_How to complete this task_
Would you repeat word for word the lines of the listing that follows, from the one with "Raccoon Graphic Tee - Black Casual T-Shirt" up to and including the one with "Men's sports set", and leave out the images?

_Information given_

--- START ---

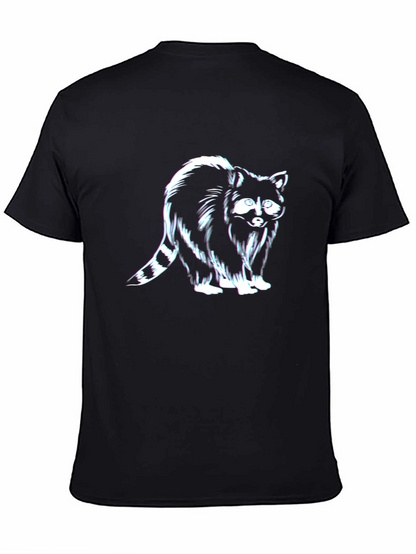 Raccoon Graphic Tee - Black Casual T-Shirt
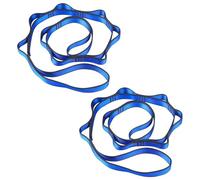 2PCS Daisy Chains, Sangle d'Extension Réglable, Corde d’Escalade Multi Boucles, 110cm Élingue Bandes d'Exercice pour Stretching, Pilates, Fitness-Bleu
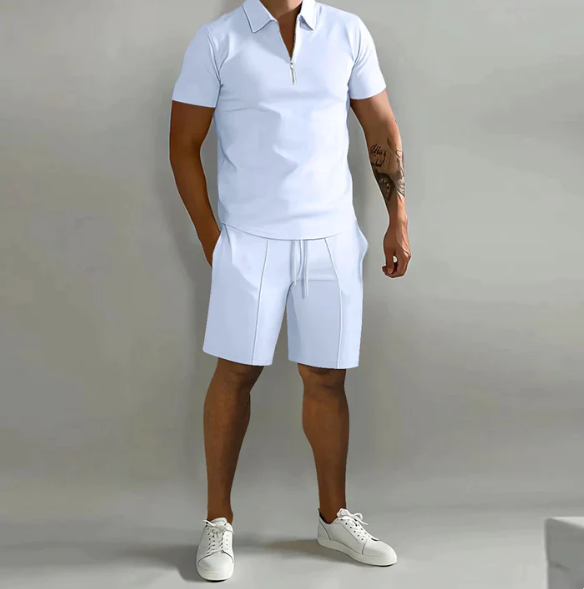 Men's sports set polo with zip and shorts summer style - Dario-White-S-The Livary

--- END ---
--- START ---

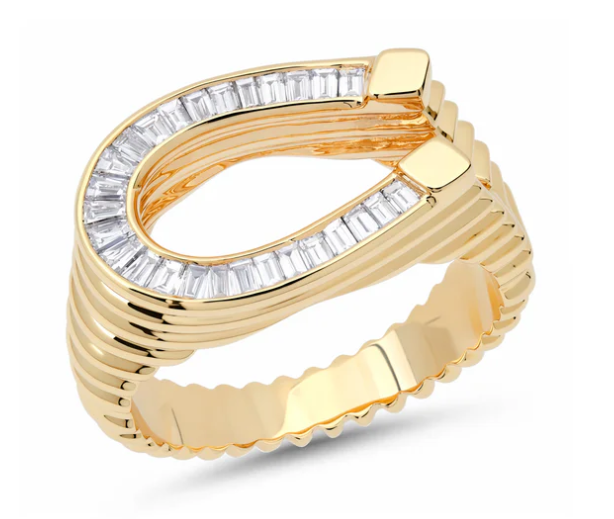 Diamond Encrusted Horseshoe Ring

--- END ---

_Exercise output_
 Raccoon Graphic Tee - Black Casual T-Shirt
 2PCS Daisy Chains, Sangle d'Extension Réglable, Corde d’Escalade Multi Boucles, 110cm Élingue Bandes d'Exercice pour Stretching, Pilates, Fitness-Bleu
 Men's sports set polo with zip and shorts summer style - Dario-White-S-The Livary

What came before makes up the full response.